## RECORDS SHOWN
====

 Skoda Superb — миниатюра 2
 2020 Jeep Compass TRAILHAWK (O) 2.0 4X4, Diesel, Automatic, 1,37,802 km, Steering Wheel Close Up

====

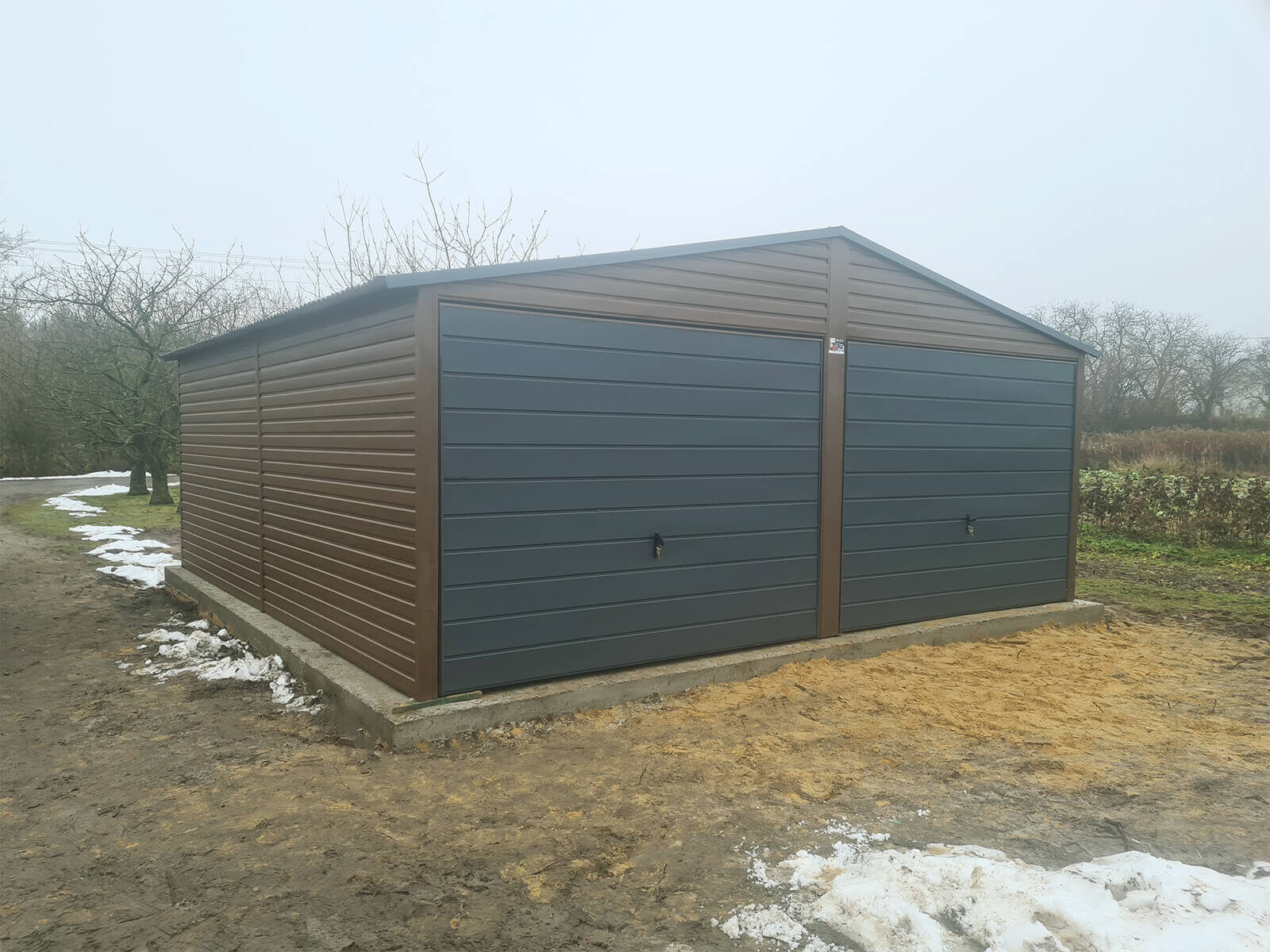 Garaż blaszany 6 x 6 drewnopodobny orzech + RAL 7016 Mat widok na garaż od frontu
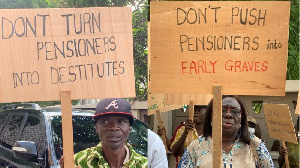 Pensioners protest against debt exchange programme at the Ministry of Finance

====

## TASK TO CARRY OUT
Using the data above, reproduce exactly the lines between those holding "Skoda Superb — миниатюра 2" and "2020 Jeep Compass", inclusive, and no others.

## EXERCISE ANSWER
 Skoda Superb — миниатюра 2
 2020 Jeep Compass TRAILHAWK (O) 2.0 4X4, Diesel, Automatic, 1,37,802 km, Steering Wheel Close Up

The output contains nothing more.